# SUPPLIED MATERIAL:
□ □ □

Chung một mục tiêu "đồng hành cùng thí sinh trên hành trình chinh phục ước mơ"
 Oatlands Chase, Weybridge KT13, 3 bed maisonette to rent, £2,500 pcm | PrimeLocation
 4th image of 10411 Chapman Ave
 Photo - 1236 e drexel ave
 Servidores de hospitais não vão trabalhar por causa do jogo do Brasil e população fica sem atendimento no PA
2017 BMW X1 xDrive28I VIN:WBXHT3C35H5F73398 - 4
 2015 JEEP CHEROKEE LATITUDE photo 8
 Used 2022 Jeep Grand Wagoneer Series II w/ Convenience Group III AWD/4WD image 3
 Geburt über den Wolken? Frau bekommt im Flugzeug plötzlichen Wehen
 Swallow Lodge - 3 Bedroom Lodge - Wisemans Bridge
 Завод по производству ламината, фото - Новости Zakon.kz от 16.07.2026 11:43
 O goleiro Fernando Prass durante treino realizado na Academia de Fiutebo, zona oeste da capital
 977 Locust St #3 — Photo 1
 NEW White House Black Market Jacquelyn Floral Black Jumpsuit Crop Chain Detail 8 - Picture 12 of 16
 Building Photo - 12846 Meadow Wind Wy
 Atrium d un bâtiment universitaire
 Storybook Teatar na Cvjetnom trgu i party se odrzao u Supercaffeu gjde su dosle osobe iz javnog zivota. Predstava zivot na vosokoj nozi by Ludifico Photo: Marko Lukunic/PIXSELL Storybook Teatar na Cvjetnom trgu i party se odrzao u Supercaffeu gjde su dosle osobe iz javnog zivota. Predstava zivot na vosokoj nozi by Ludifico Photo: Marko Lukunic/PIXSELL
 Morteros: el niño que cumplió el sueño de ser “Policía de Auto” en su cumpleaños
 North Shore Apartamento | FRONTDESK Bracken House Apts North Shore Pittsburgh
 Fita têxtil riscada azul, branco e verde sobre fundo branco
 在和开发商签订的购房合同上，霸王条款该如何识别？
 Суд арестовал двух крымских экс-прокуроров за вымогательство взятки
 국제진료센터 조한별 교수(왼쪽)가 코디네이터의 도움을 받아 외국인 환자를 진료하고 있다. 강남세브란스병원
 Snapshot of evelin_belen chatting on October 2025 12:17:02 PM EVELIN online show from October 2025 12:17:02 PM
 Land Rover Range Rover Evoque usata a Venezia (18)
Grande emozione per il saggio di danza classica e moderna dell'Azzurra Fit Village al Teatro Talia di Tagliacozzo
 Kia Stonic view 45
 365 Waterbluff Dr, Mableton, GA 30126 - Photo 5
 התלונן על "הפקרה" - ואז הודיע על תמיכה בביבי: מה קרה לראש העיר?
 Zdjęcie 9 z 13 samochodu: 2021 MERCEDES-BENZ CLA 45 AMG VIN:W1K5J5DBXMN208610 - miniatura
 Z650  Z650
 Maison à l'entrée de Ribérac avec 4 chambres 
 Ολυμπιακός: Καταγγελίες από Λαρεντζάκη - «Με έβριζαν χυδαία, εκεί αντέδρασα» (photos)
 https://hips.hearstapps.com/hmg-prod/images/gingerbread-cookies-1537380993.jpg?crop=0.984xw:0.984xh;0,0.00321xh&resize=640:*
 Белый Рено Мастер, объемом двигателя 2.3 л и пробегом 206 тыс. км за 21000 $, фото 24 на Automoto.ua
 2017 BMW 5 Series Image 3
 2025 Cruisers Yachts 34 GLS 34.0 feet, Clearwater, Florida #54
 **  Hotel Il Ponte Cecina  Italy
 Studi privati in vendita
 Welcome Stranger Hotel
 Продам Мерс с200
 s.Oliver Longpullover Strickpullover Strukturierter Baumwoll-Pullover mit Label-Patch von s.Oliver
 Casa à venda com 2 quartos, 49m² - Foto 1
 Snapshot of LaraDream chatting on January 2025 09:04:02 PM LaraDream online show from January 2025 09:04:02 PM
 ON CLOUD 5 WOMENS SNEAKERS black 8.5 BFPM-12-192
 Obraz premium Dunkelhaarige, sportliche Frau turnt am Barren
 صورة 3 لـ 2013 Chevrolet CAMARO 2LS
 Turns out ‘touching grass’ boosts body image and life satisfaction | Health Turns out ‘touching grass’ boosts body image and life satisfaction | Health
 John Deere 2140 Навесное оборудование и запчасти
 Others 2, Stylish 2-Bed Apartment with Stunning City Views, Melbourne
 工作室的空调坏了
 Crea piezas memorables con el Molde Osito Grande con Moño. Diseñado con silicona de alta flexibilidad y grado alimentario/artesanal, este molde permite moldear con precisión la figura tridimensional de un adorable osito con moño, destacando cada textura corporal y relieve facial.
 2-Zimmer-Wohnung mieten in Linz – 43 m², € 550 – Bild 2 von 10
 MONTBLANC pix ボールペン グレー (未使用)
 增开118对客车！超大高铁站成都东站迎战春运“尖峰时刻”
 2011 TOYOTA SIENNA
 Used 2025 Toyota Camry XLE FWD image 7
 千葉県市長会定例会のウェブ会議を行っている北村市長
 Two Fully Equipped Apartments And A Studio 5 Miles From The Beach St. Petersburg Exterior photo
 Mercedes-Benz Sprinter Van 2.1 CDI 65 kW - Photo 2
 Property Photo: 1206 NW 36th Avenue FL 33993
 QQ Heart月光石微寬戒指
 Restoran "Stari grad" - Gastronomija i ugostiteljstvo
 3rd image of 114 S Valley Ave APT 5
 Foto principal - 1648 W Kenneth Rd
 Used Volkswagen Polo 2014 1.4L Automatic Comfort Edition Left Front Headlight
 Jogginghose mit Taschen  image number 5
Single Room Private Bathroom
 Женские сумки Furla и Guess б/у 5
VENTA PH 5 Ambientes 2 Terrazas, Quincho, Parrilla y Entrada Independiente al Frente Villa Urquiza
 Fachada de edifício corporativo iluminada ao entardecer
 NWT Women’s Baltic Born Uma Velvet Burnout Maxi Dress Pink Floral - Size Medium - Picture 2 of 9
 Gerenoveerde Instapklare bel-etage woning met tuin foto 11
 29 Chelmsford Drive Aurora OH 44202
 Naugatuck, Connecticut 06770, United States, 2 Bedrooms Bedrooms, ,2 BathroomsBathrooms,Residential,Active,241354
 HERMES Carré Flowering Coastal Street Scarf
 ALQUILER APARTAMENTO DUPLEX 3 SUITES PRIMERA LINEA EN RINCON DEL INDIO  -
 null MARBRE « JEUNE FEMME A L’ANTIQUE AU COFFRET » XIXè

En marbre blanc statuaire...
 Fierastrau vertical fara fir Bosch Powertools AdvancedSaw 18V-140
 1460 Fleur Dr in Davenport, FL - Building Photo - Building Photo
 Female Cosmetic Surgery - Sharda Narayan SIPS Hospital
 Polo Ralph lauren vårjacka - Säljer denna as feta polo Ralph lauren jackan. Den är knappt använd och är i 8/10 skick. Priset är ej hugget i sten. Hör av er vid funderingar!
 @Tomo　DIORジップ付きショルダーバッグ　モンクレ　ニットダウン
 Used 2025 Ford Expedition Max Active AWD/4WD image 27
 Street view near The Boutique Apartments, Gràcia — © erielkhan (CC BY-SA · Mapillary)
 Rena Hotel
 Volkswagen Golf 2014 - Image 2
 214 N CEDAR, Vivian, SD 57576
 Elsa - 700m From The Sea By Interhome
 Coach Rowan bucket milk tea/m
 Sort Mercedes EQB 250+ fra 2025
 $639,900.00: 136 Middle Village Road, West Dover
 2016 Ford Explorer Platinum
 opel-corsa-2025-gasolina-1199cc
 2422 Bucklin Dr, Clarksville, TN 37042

□ □ □

# REQUIRED WORK:
Please copy, exactly and with nothing else, the lines above beginning at the line that has "Two Fully Equipped" and ending with the line that has "Fachada de edifício".

# WRITTEN RESPONSE:
 Two Fully Equipped Apartments And A Studio 5 Miles From The Beach St. Petersburg Exterior photo
 Mercedes-Benz Sprinter Van 2.1 CDI 65 kW - Photo 2
 Property Photo: 1206 NW 36th Avenue FL 33993
 QQ Heart月光石微寬戒指
 Restoran "Stari grad" - Gastronomija i ugostiteljstvo
 3rd image of 114 S Valley Ave APT 5
 Foto principal - 1648 W Kenneth Rd
 Used Volkswagen Polo 2014 1.4L Automatic Comfort Edition Left Front Headlight
 Jogginghose mit Taschen  image number 5
Single Room Private Bathroom
 Женские сумки Furla и Guess б/у 5
VENTA PH 5 Ambientes 2 Terrazas, Quincho, Parrilla y Entrada Independiente al Frente Villa Urquiza
 Fachada de edifício corporativo iluminada ao entardecer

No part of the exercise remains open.